Macron-Le Pen : un air de débat vu
L’un sentencieux et techno, l’autre toujours aussi laborieuse et dangereuse, le tout enrobé d’une courtoisie factice : le récit du débat en replay.
Dans tout panthéon télévisuel digne de ce nom, il figure quelque part entre l’élection de Miss France et l’Eurovision : le débat d’entre-deux-tours. Sa rareté joue pour lui : en soixante-quatre ans de Ve République, c’est la huitième fois seulement qu’il se tient : il a ses piliers de comptoir (trois éditions pour François Mitterrand, un pour la lose, deux pour la win) et ses détestables habitudes, les femmes s’y comptant sur les doigts d’une main salement amputée (elles sont trois, dont deux Marine Le Pen, ce qui n’est pas une bonne nouvelle). Celui-ci, qui s’est tenu ce mercredi soir jusqu’à 23 h 49, a dû faire bizarre à qui s’est enfermé dans une grotte au soir du précédent, le 4 mai 2017 : hein ? Macron et Le Pen ? Encore ? Eh bien oui, ami troglodyte, en cinq ans, on n’a rien appris et on a remis ça au premier tour, avec un Emmanuel Macron à 27,85 % des suffrages, une Marine Le Pen à 23,15 % et, entre les deux, une énorme abstention à 26,31 % (lire l’épisode 1, « Ça marche encore »).
Et eux, ont-ils appris en cinq ans ? Macron était passé à peu près crème (oui, on utilisait cette expression en 2017) tandis que Le Pen s’était montrée sous son meilleur jour : agressive, paumée, fouillant ses fiches pour trouver des réponses, ricanante, gesticulante (à lire dans notre série de 2017, Marche ou crève, le récit de ce débat). Image qu’elle s’est employée à changer à coup de chatons mignons et de construction laborieuse de stature de femme d’État (c’est son affiche où ne figurent ni son nom de famille ni son parti, ses deux boulets) avec la complicité active d’Éric Zemmour à côté de qui Belzébuth passerait pour un mignon angelot.

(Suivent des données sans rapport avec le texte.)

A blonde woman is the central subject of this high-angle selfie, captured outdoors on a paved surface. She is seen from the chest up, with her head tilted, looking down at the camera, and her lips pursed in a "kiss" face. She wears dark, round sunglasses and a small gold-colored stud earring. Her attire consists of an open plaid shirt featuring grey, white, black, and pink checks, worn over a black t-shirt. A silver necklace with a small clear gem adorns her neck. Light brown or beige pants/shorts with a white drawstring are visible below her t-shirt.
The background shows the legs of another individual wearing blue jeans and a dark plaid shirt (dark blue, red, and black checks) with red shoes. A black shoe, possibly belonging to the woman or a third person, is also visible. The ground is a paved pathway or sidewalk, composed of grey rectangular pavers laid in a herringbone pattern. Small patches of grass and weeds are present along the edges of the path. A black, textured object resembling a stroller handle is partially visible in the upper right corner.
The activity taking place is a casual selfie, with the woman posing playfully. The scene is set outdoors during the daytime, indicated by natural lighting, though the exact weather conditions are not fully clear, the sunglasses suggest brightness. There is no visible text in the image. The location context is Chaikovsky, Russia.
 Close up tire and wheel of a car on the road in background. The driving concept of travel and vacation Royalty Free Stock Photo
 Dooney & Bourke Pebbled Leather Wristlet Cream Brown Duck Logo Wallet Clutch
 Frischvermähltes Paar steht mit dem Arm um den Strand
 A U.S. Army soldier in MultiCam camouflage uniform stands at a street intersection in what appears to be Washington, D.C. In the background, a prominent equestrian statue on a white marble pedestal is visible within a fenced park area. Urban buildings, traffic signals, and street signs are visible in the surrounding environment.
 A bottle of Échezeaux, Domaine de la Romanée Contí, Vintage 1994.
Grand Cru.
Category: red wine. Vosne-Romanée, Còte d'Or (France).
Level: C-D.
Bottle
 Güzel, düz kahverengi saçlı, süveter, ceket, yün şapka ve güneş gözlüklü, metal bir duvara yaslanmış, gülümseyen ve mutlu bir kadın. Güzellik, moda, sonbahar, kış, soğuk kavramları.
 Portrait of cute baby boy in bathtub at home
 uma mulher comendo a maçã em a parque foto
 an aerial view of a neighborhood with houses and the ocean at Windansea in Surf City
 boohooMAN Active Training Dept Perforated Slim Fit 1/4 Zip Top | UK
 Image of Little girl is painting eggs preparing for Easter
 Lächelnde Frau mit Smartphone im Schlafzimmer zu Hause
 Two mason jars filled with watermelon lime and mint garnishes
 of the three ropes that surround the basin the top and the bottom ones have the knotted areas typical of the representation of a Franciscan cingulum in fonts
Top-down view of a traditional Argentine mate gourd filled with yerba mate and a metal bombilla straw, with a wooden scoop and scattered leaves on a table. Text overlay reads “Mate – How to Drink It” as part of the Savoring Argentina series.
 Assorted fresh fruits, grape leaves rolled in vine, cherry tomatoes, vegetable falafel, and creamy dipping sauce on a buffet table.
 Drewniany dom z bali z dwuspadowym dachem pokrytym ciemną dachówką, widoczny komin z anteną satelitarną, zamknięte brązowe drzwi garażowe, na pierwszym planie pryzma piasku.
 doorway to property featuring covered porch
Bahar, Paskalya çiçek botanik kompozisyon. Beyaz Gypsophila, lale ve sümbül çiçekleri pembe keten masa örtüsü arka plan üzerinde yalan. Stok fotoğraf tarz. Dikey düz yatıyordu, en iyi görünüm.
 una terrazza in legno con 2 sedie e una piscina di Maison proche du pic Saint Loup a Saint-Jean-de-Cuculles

Histoire de varier sinon les plaisirs du moins les journalistes, c’est un nouveau duo qui s’y est collé, Gilles Bouleau et Léa Salamé, une première pour chacun d’eux, désignée par leur employeur respectif, TF1 et France 2, dans une habituelle tambouillle politico-médiatique : Anne-Sophie Lapix, alter ego publique de Bouleau, ayant été écartée, jugée trop incisive par Marine Le Pen (il y a cinq ans c’est Anne-Claire Coudray qui avait subi le même sort).